What needs to be done:
Go through the listing below and show each line that has the word "para".

Given data:

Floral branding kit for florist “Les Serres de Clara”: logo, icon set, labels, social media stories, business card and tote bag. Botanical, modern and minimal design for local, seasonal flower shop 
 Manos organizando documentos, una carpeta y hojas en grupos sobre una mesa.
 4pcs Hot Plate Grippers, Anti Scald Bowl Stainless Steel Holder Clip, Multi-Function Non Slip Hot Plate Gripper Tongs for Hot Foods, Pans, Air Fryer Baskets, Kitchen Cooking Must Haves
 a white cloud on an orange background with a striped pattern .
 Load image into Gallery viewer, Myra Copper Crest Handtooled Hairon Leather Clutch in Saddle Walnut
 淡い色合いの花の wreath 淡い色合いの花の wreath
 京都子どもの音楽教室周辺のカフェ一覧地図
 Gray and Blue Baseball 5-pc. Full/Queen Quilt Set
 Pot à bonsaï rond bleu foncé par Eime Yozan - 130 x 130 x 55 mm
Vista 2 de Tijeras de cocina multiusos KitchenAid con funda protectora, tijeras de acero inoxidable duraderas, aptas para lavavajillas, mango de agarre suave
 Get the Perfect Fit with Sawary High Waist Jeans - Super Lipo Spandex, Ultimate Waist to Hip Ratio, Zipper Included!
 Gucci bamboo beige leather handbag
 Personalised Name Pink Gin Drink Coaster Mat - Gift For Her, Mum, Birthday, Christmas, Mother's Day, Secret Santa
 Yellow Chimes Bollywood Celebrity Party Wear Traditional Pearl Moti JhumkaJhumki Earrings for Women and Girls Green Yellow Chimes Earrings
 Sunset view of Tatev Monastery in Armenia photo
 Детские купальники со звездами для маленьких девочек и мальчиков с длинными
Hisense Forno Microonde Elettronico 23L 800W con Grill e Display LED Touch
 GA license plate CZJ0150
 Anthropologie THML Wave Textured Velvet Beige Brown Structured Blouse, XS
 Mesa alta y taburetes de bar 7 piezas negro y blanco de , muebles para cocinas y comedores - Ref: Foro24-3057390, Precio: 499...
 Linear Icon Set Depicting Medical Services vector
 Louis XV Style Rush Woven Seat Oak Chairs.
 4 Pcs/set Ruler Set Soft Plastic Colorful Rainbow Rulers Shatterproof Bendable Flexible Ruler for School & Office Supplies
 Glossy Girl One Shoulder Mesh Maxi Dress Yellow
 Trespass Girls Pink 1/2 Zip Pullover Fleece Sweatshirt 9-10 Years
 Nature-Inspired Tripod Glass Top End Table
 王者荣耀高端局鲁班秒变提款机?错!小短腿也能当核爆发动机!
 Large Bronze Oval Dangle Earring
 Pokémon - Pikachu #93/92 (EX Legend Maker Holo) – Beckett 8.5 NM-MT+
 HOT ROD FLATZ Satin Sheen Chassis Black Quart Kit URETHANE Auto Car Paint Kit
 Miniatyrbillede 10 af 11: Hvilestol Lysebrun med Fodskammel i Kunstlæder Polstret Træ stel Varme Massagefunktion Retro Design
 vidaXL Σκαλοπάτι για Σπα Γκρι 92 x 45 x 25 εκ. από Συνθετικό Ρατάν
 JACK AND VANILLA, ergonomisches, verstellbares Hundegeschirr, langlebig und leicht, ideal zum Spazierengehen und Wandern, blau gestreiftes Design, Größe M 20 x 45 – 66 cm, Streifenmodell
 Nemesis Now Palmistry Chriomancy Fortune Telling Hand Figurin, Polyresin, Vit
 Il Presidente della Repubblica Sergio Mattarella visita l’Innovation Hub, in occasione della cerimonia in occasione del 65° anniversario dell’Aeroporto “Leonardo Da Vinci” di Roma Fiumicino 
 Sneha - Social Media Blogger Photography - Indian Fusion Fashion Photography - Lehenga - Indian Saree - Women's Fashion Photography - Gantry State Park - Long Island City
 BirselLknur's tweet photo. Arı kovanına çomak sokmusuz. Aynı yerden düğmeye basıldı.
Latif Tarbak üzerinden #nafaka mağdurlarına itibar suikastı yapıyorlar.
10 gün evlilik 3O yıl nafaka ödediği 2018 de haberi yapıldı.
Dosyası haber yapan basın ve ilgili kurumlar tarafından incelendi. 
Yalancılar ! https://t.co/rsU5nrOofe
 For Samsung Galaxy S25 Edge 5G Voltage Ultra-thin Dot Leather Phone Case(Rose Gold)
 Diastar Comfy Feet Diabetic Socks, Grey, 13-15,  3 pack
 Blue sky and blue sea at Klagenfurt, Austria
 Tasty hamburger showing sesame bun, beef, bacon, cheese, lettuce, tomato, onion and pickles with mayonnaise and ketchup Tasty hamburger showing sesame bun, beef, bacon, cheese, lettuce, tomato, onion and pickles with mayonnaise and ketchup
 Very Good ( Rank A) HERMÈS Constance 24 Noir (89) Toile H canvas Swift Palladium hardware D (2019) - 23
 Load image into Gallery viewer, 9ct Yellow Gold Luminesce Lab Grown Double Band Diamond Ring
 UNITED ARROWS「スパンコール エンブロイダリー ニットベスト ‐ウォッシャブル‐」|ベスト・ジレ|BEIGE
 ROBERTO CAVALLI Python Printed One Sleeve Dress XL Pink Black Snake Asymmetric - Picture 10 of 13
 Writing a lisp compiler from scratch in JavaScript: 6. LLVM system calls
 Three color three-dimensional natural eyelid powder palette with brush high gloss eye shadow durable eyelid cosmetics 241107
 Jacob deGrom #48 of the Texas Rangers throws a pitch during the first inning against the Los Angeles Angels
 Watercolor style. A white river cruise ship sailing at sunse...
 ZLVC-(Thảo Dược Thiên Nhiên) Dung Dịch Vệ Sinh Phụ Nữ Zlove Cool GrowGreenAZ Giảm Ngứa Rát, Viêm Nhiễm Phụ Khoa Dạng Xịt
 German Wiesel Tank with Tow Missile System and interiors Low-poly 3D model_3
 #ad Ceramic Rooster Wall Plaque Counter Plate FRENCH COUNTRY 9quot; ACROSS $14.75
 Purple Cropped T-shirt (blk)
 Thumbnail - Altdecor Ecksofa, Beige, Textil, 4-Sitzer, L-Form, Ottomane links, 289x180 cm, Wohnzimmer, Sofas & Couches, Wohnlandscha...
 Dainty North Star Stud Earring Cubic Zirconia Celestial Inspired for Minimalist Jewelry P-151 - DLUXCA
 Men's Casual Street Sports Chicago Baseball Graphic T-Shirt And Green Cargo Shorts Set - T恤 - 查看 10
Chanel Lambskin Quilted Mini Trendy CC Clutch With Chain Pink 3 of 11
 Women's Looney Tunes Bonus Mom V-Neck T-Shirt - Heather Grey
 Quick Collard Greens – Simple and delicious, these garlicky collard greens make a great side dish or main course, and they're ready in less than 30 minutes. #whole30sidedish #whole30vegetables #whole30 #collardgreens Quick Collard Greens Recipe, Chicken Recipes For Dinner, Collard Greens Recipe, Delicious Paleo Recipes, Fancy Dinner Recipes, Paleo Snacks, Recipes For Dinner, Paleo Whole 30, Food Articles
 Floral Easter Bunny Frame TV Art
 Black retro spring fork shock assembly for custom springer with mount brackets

Solution:
Vista 2 de Tijeras de cocina multiusos KitchenAid con funda protectora, tijeras de acero inoxidable duraderas, aptas para lavavajillas, mango de agarre suave
 Mesa alta y taburetes de bar 7 piezas negro y blanco de , muebles para cocinas y comedores - Ref: Foro24-3057390, Precio: 499...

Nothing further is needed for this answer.